Groundswell is a 501(c)3 nonprofit dedicated to building community power, strengthening local resilience, and advancing energy affordability by making clean energy more accessible. With a mission to cut electricity bills in half for households that need savings, Groundswell develops and operates community solar and resilience hub projects that benefit under-served households.

==History==
Groundswell was founded in 2009 by a group of field organizers who had previously worked together on the 2008 Barack Obama Presidential Campaign. Groundswell co-founder Will Byrne was the organization's CEO through 2014. The organization operated under two previous names, The DC Project and Weatherize DC, before becoming Groundswell. Groundswell chose Washington, D.C. as its hub because it is one of a small but growing number of places where residents are able to choose their energy suppliers.

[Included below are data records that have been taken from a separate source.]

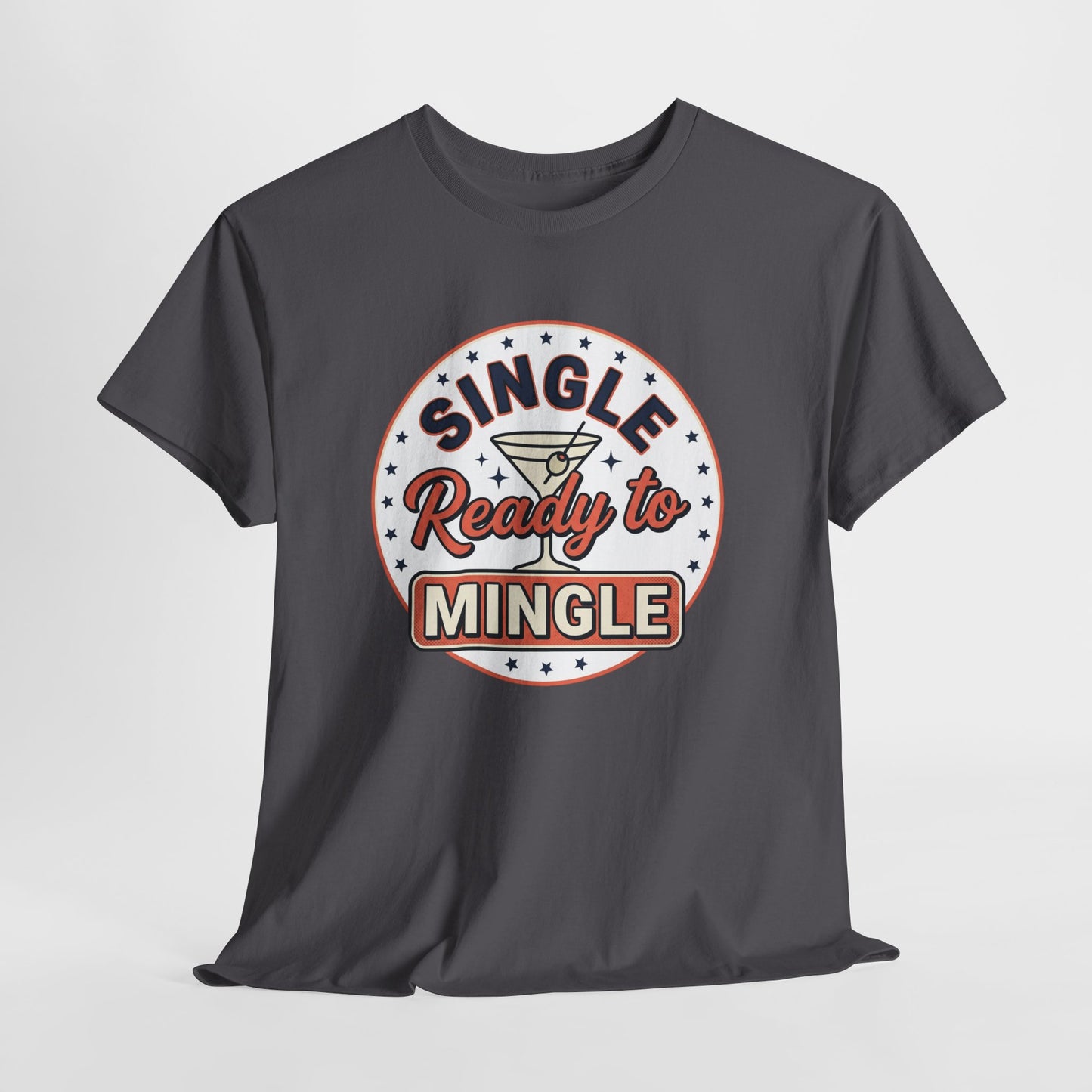Single — Ready to Mingle Tee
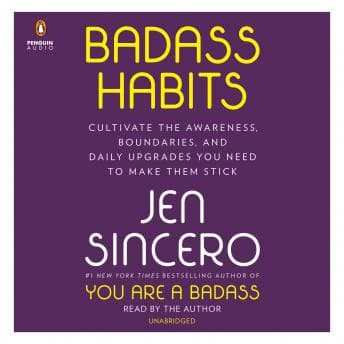 Badass Habits: Cultivate the Awareness, Boundaries, and Daily Upgrades You Need to Make Them Stick audiobook cover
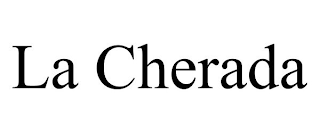 LA CHERADA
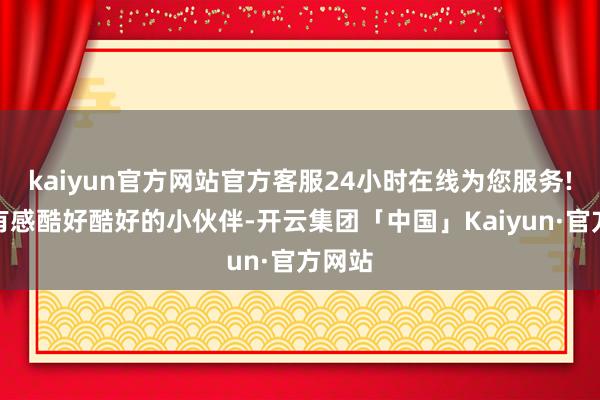 kaiyun官方网站官方客服24小时在线为您服务!淌若有感酷好酷好的小伙伴-开云集团「中国」Kaiyun·官方网站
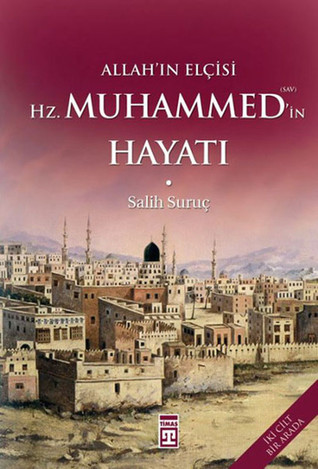 Allah'ın Elçisi Hz. Muhammed'in Hayatı (Hardcover)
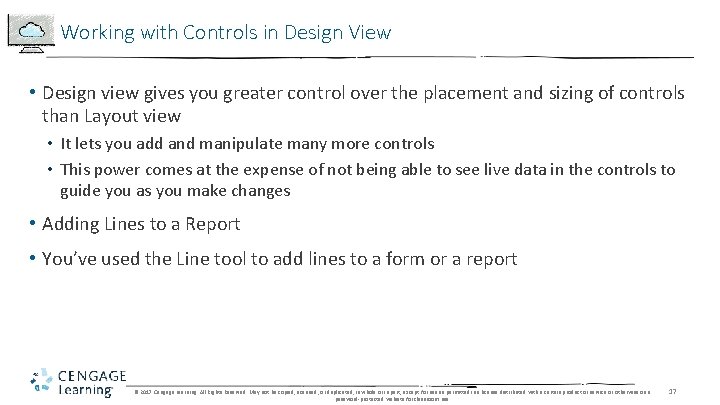 Working with Controls in Design View • Design view gives you greater control over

Since then, Groundswell has grown to serve the Mid Atlantic region including Georgia, Maryland, North Carolina, New York and Illinois. It is led by CEO Michelle Moore, an experienced energy executive and former White House official with roots in rural Georgia.

==Clean energy==
Groundswell develops community solar projects and programs that connect solar power with economic empowerment, enabling people and community-based businesses to work together to switch to solar energy.

Groundswell works with other non-profit organizations to reach out to economically diverse local communities.

Groundswell’s SharePower subscription model was designed to help neighbors share power with neighbors.

Groundswell launched the Rural Renaissance Roadshow in 2023 with its inaugural event in Bentonville, Arkansas, as part of its mission to promote sustainable energy solutions and economic resilience in rural communities across the United States. Building on the success of the initial gathering, Groundswell established the Roadshow as an annual conference, bringing together local leaders, policymakers, and innovators to share best practices and strategies for rural development. The 2024 conference was hosted in Macon, Georgia, and the 2025 event took place in Opelika, Alabama, further expanding the Roadshow’s reach and impact throughout the rural South.